Он говорил много грубее, лишь бы просунуть хоть искорку в порох дыбковой души. И случилось, чего он добивался. Поднявшись, Дыбок сидел с открытыми глазами и дрожал — пока ещё не от гнева, а от озноба, но и это было хорошо.
— ...они тогда и Галышева. Ты один остался. Пусть зайцы и собаки смят... не ты! Ты же слышишь меня, а молчишь... Я давно раскусил, кто ты есть: потому ты и живым в такой войне остался! Небось потроха со страху вянут... а?
— Не надо, пусти... — пробормотал Дыбок, отпихивая его от себя. — Нехорошо тебе будет... пусти!

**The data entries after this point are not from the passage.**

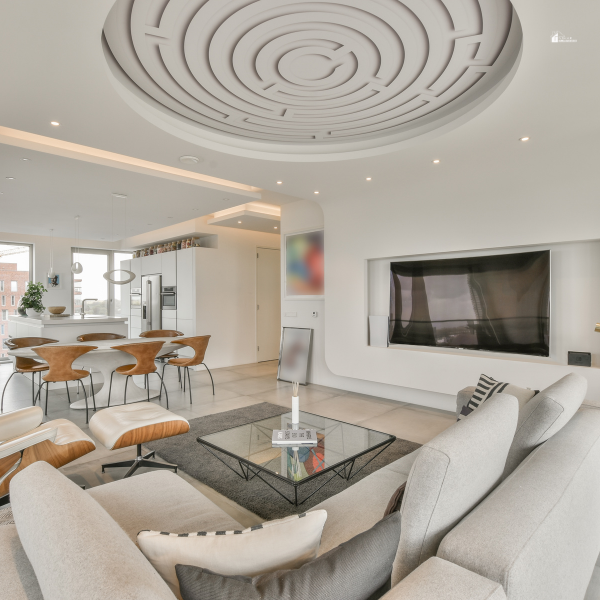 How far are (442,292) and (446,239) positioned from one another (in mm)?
591

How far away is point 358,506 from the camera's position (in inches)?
63.8

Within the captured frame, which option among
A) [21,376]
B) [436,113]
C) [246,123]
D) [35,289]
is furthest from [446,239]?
[21,376]

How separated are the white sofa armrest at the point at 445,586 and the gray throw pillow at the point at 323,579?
0.06m

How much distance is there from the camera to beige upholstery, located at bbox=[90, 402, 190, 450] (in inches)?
99.2

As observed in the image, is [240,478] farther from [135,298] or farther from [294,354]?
[135,298]

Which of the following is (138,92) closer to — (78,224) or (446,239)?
(446,239)

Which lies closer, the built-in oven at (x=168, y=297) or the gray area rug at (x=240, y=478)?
the gray area rug at (x=240, y=478)

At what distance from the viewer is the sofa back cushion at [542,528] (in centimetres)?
98

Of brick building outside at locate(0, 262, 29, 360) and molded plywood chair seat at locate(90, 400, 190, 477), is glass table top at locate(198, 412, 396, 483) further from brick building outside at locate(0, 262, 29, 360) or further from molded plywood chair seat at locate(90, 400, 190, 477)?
brick building outside at locate(0, 262, 29, 360)

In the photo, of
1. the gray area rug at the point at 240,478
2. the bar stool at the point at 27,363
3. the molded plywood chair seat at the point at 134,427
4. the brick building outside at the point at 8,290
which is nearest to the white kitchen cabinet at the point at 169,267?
the bar stool at the point at 27,363

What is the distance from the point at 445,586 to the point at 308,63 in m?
2.62

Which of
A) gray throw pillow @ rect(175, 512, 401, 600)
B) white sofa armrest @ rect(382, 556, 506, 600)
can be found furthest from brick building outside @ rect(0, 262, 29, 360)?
white sofa armrest @ rect(382, 556, 506, 600)

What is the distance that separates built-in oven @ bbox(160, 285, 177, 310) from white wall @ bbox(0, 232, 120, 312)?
2.82 metres

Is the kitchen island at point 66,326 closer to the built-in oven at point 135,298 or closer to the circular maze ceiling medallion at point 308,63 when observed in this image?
the built-in oven at point 135,298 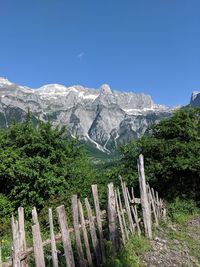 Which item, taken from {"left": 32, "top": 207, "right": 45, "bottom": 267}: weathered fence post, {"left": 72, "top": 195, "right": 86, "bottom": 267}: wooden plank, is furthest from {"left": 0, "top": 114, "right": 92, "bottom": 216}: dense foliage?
{"left": 32, "top": 207, "right": 45, "bottom": 267}: weathered fence post

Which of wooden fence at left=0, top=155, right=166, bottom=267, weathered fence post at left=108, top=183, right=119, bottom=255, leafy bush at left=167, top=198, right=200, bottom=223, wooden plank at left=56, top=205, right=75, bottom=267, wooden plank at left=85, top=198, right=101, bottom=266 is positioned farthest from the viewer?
leafy bush at left=167, top=198, right=200, bottom=223

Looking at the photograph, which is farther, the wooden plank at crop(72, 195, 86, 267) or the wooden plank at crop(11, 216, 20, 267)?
the wooden plank at crop(72, 195, 86, 267)

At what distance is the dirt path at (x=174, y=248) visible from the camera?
10547 millimetres

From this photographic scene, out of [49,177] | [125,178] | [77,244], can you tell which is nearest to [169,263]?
[77,244]

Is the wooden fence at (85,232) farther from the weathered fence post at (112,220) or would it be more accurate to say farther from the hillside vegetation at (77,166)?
the hillside vegetation at (77,166)

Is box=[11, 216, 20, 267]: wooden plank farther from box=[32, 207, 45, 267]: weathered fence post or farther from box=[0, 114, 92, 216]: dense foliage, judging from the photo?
box=[0, 114, 92, 216]: dense foliage

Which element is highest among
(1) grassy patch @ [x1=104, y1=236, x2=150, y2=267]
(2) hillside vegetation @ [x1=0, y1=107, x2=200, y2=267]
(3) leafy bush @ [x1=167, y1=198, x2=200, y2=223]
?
(2) hillside vegetation @ [x1=0, y1=107, x2=200, y2=267]

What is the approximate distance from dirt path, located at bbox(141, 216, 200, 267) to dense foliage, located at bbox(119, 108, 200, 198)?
18.3 feet

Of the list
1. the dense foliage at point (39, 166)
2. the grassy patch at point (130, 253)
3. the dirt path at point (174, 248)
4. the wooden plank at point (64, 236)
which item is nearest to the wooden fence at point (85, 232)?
the wooden plank at point (64, 236)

Они сравнялись в силах, и, возможно, радист чётче командира понимал теперь действительность, потому что прежде него почувствовал, что немцы уже тут. Ещё и снег не хрустел и глаз не видел, но только как-то теснее стало в пространстве ночи... Двое, как всегда ходят немецкие связисты, шли по линии, пропуская провод в ладони. Они нашли место обрыва и остановились, — неожиданное продолговатое пятно стога заставило их насторожиться. Сквозь бурелом соломы, коловшей лицо, Дыбок отчётливо увидел, как левый поднял автомат. Тот же, левый, спросил быстро и негромко, кто там, а другой засмеялся и, возможно, пошутил, что солома не обязана откликаться даже на немецкую команду.
— Бери правого, — шепнул Собольков товарищу, и тот услышал.

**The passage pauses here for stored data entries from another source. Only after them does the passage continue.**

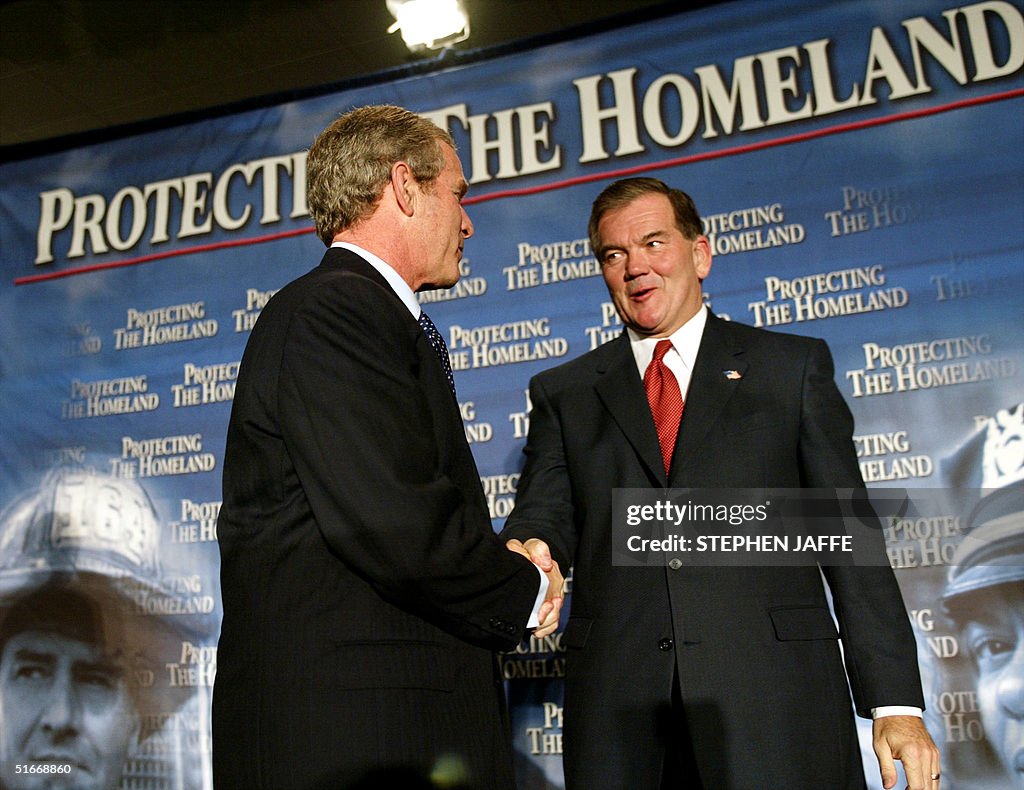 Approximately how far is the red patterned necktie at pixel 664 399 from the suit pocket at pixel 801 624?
0.39 metres

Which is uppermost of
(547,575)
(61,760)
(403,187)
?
(403,187)

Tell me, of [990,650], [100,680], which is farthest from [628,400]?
[100,680]

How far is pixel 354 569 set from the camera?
1.38m

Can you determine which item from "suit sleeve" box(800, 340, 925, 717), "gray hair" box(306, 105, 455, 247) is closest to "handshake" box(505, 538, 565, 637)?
"suit sleeve" box(800, 340, 925, 717)

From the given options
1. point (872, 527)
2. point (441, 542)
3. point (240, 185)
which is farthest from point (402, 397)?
point (240, 185)

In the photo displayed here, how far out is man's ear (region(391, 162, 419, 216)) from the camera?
1730 mm

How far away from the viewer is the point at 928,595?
2.57m

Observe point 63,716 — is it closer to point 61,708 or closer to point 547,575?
point 61,708

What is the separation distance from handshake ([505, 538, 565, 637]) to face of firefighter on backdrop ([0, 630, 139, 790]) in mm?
1845

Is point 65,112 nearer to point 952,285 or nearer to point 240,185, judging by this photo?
point 240,185

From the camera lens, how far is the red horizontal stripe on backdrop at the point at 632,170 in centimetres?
291

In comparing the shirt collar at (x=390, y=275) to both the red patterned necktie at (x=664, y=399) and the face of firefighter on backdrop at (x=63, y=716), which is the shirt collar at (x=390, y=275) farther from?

Немудрено было догадаться, что кто-то унос кусок провода... Пока один немец, став на колени, подключался к линии, другой двинулся по следу Литовченки, водя автоматом, как таракан усами. Он был и длинный такой же, как таракан, с утолщением посреди от хорошей пищи; возможно, он и мастью также походил на таракана-прусака... Он проходил мимо, на нём была пилотка с приспущенными наушниками, чтобы уши не зябли. Дыбок упал на него всей своей зыбкой тяжестью, и странно было, что у того не переломился позвоночник. Собольков также ударил своего гранатой, как кастетом, но промахнулся. Так началась эта маленькая и неравная битва... Немцы были свежее, перед выходом они поели жирных наших щей и хорошо выспались на тёплой лежанке; им недоставало как раз того, чем с избытком располагали их противники, — чувства поруганной справедливости и голодного исступления мёртвой хватки. Уже оба лежали снизу, и один вслепую царапал рот Соболькову, а другой, наполовину примирясь с неизбежным, мокрый и полураздушеиный, смотрел в нависшее над ним лицо судьбы. Он был много крупнее Дыбка, которого вдруг стала покидать уверенность в исходе. Наступала та степень взаимного изнеможенья, когда и плевка достаточно, чтобы опрокинуть врага, но и на плевок не хватало силы.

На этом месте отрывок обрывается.